## Goal of the exercise:
Exclude the pictures. Transcribe, exactly as written, the lines from the one with "this 636×432 image." through the end of the entries below.

## Provided data:

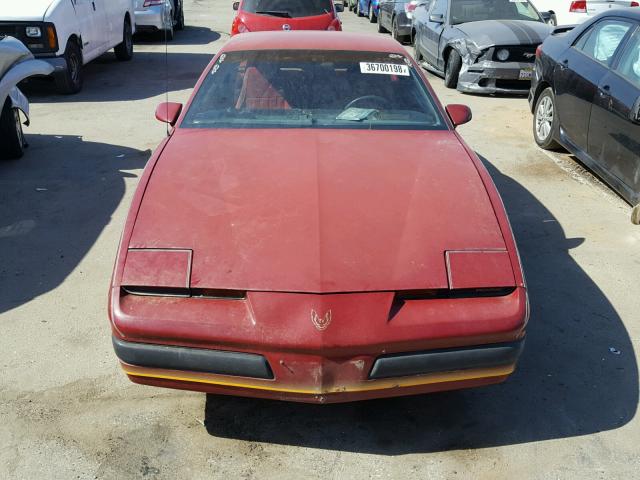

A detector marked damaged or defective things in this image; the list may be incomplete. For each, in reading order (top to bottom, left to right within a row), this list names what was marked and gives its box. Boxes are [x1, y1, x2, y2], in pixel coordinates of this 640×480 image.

dark gray damaged sedan [412, 0, 552, 94]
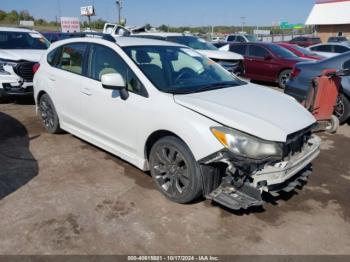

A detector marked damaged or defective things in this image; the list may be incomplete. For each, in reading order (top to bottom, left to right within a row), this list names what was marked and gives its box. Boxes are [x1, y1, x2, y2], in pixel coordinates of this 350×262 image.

broken headlight [0, 59, 16, 75]
red damaged car [228, 42, 314, 88]
red damaged car [278, 42, 324, 60]
crumpled hood [174, 83, 316, 141]
broken headlight [211, 126, 282, 161]
front-end collision damage [198, 133, 322, 211]
damaged bumper [201, 135, 322, 211]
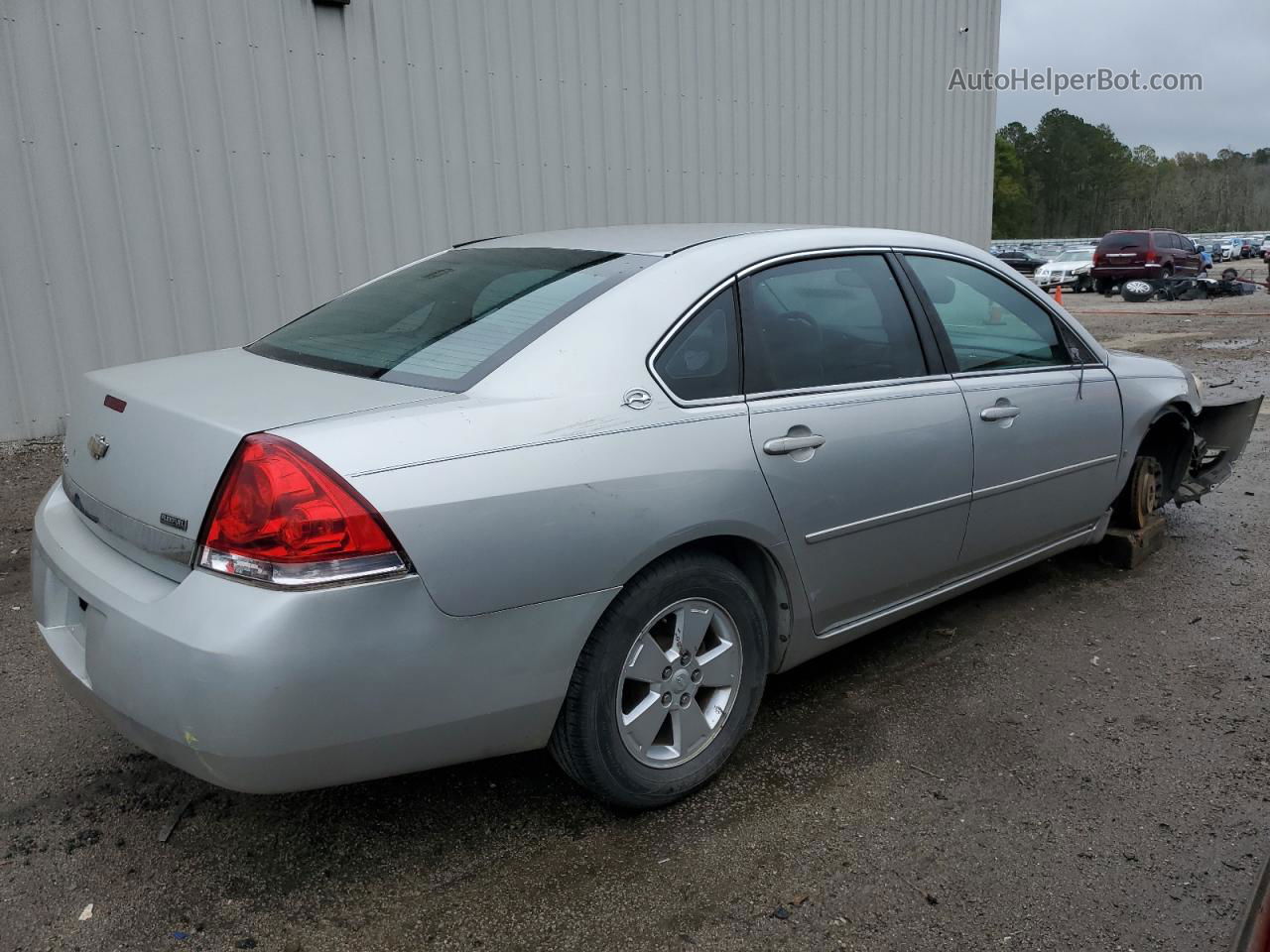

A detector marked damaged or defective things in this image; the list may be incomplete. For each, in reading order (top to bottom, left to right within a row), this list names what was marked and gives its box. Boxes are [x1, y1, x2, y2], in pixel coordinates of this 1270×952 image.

damaged front fender [1173, 396, 1264, 508]
dented rear bumper [1173, 396, 1264, 508]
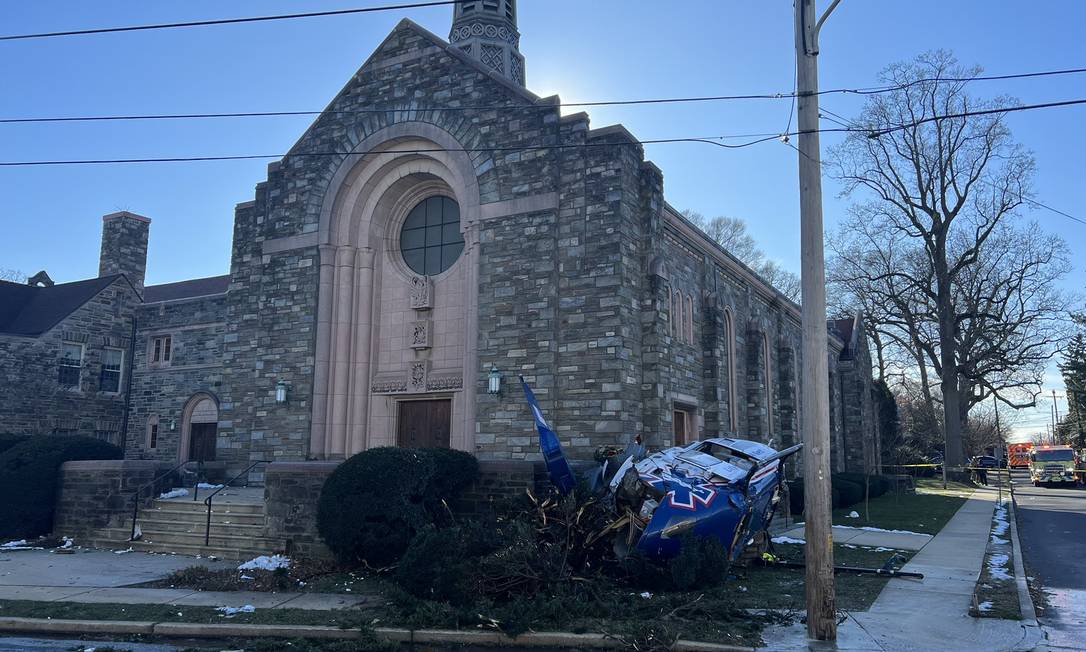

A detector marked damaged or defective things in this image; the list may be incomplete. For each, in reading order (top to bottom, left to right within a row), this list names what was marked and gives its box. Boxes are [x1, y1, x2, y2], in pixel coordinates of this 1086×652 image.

crashed helicopter [524, 380, 804, 564]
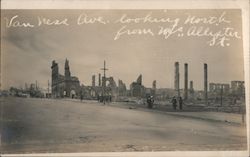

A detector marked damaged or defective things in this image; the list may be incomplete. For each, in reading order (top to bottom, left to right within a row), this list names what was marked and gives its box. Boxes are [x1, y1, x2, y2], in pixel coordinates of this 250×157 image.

burned building facade [51, 59, 80, 97]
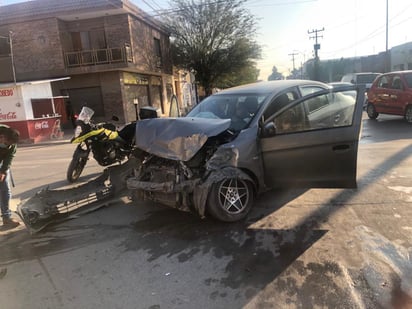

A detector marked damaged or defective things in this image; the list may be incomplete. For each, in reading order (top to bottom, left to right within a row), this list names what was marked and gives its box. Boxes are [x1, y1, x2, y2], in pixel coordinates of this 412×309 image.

crumpled hood [135, 116, 232, 161]
crushed front end of car [125, 116, 256, 220]
crashed car [126, 79, 364, 219]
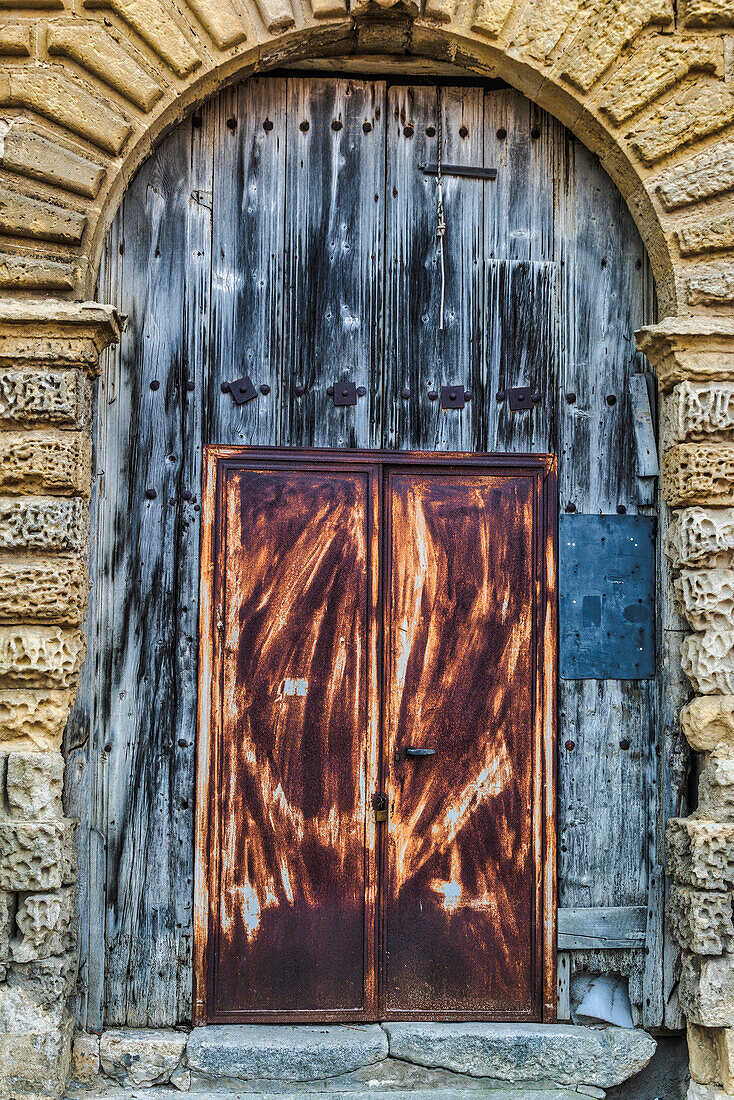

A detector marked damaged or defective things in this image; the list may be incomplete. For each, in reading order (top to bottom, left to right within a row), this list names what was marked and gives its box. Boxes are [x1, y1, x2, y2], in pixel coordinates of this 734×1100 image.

rusty metal door panel [206, 462, 380, 1024]
rusty metal door panel [386, 470, 548, 1024]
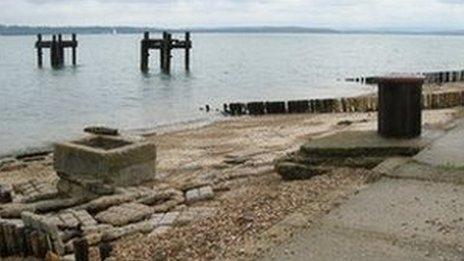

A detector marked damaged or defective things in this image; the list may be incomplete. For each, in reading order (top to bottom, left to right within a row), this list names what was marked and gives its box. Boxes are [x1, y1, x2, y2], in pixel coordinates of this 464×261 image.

rusted metal bollard [376, 74, 424, 138]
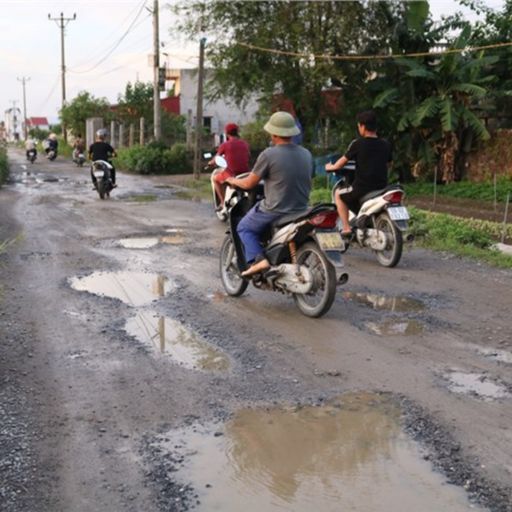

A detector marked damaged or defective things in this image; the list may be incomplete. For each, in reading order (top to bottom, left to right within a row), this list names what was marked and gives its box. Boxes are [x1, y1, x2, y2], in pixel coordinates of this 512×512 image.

water-filled pothole [68, 270, 170, 306]
pothole [68, 272, 171, 304]
water-filled pothole [344, 292, 424, 312]
pothole [344, 292, 424, 312]
water-filled pothole [125, 310, 229, 370]
pothole [125, 308, 229, 372]
damaged road [0, 149, 510, 512]
pothole [368, 318, 424, 338]
water-filled pothole [368, 320, 424, 336]
pothole [442, 372, 510, 400]
water-filled pothole [442, 370, 510, 402]
pothole [151, 394, 484, 510]
water-filled pothole [154, 392, 482, 508]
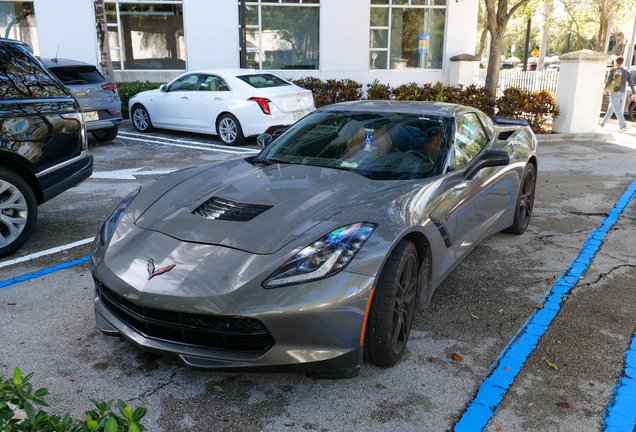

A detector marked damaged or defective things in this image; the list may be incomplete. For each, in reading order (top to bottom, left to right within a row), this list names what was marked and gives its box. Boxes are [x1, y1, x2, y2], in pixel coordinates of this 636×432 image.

cracked pavement [1, 128, 636, 432]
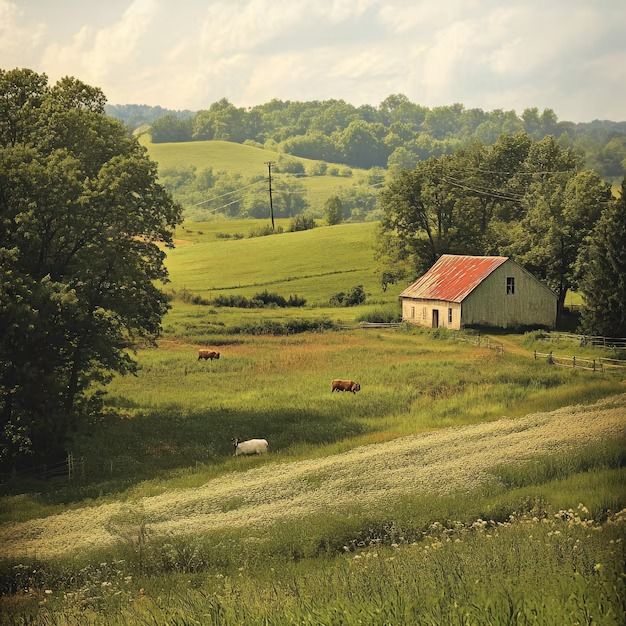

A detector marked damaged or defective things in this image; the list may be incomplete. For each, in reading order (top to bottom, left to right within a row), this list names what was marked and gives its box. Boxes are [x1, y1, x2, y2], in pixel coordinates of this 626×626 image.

## Response below:
A detector marked damaged or defective things in this image; the list may be incomplete. For each, in reading order (top to bottom, left to right within a row), this list names what was marked and gives its box. Boxes are [x1, y1, x2, y2], in pixel coordinates of this 636×432 image.

cracked pavement [1, 128, 636, 432]

A detector marked damaged or defective things in this image; the list may be incomplete. For each, in reading order (top to bottom, left to right within a row), this list names what was marked and gives its box. Boxes are [x1, y1, x2, y2], in pixel coordinates of this 626×626 image.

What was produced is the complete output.